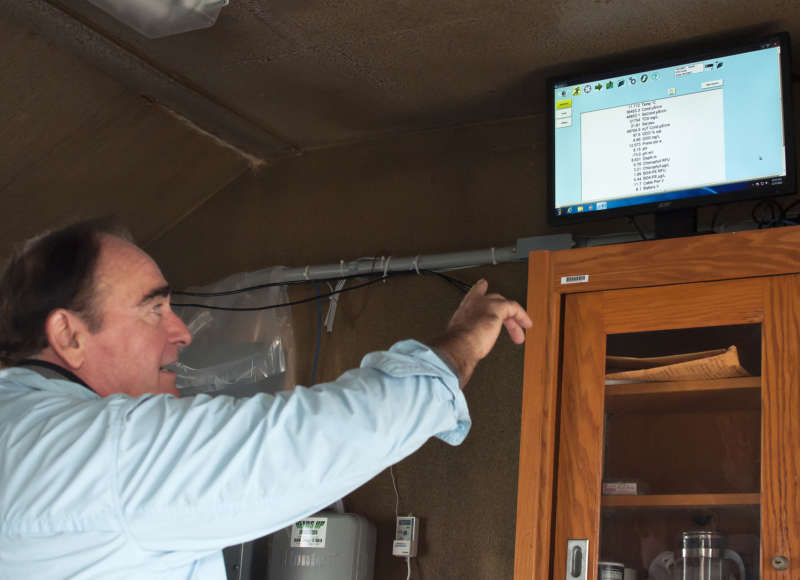 Massachusetts Maritime Academy professor pointing at a computer screen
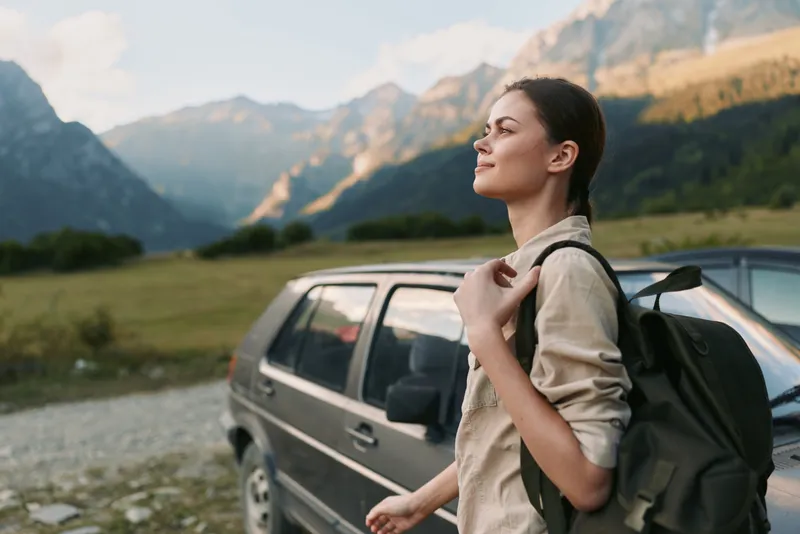 Young woman with a backpack stands near a car in a mountain valley enjoying the fresh air and peaceful nature during a hiking trip.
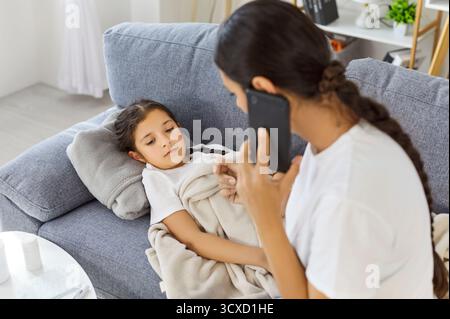 Enfant malade sur canapé avec mère attentionnée appelant le médecin pour l'aide de fièvre Banque D'Images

——

# EXERCISE REQUIREMENTS:
Without the pictures, retype exactly the lines from the one that holds "Young woman with" to the last line of the data above, both of them included.

# FINAL ANSWER:
 Young woman with a backpack stands near a car in a mountain valley enjoying the fresh air and peaceful nature during a hiking trip.
 Enfant malade sur canapé avec mère attentionnée appelant le médecin pour l'aide de fièvre Banque D'Images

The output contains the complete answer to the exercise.